He was a pale, cherry-cheeked
doormouse of a boy, with big, broad
shoulders and small teeth. "What you
on about?" "I'm so happy you've-" "Can I borrow a pen?" "Pardon?" "A pen. Can I borrow one?" Helen paused to think about this
sudden request. To let it sink in. "A
pen," she recited. "A pen. Oh, a pen!
Yes, of course..." She began to root
around in her pencilcase for her most
impressive biro, the one with shiny
green lid and the tiny golden- "Just give us any, man, I don't
care," Neil clicked his fingers. "Come
on, hurry up. I don't want a
detention." `A detention!' Helen thought
worriedly. She abandoned her mission
to find her best biro and gave Neil an
ordinary one, as requested. "I'm so
sorry," she flustered. She wanted to
make her fingers brush his (just so
that she could say to herself she'd
actually touched him) but he snatched
the pen so quickly she barely had
chance. He then began to write,
furiously, without looking at her, and
without even saying thanks. `Maybe he'll thank me later,' she
thought optimistically. `Yes, he'll
say thanks when he's finished using
it. Some people do it that way.' But Neil Harvest didn't say thanks,
or even return her pen. When the bell
rang for dinnertime, he got up and
left, without saying a word, leaving
Helen alone at the desk and feeling
very rejected.
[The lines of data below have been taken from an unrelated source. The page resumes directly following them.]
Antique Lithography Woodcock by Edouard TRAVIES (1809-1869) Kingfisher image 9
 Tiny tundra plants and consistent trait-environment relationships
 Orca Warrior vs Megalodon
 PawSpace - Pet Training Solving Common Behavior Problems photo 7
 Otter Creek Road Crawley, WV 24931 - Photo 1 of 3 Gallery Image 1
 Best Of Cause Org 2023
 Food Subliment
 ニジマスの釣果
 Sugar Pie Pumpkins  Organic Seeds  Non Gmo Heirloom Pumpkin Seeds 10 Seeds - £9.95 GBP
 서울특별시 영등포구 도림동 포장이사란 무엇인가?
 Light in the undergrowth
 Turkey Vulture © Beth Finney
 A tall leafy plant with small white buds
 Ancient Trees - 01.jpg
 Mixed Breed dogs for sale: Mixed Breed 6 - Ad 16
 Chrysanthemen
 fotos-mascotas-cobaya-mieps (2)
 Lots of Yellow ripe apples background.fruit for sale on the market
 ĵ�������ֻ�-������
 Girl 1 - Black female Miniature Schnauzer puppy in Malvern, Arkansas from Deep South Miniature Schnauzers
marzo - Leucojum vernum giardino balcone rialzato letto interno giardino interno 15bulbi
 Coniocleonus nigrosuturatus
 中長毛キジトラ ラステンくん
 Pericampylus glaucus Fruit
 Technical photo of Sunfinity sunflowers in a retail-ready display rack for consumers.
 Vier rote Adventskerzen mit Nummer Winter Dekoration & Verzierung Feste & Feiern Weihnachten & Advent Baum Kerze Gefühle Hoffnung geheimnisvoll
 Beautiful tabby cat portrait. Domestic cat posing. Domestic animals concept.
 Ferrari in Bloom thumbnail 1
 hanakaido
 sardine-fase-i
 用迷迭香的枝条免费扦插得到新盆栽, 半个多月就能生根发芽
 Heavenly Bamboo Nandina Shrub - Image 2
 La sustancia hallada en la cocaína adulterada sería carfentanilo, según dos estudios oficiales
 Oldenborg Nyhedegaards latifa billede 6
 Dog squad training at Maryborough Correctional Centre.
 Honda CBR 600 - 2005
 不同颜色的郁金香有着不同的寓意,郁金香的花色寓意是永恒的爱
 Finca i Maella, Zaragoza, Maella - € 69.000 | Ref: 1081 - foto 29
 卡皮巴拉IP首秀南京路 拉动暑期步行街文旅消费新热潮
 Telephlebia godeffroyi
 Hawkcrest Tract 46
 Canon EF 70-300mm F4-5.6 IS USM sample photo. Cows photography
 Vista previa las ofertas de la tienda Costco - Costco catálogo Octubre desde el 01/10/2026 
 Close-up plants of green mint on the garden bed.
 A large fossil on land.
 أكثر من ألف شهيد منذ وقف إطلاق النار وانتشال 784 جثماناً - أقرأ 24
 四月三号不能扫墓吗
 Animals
She watched him until
he'd disappeared out of the door (just
in case he might suddenly laugh and
turn around and come back, having
remembered) and then she frowed and
scooped her belongings into her
carrier. "Miss Parker, regarding your
mother," Mrs Longhall crept into view
out of apparently nowhere. Helen stood
up and pushed her chair in. "Miss Parker, don't you dare leave
this room... Having browsed the school
records, I have decided that I would
like to pay a visit to your house,
tonight, to talk one-to-one with your
mother. Would that be permitted?" "Yes miss," said Helen rhetorically.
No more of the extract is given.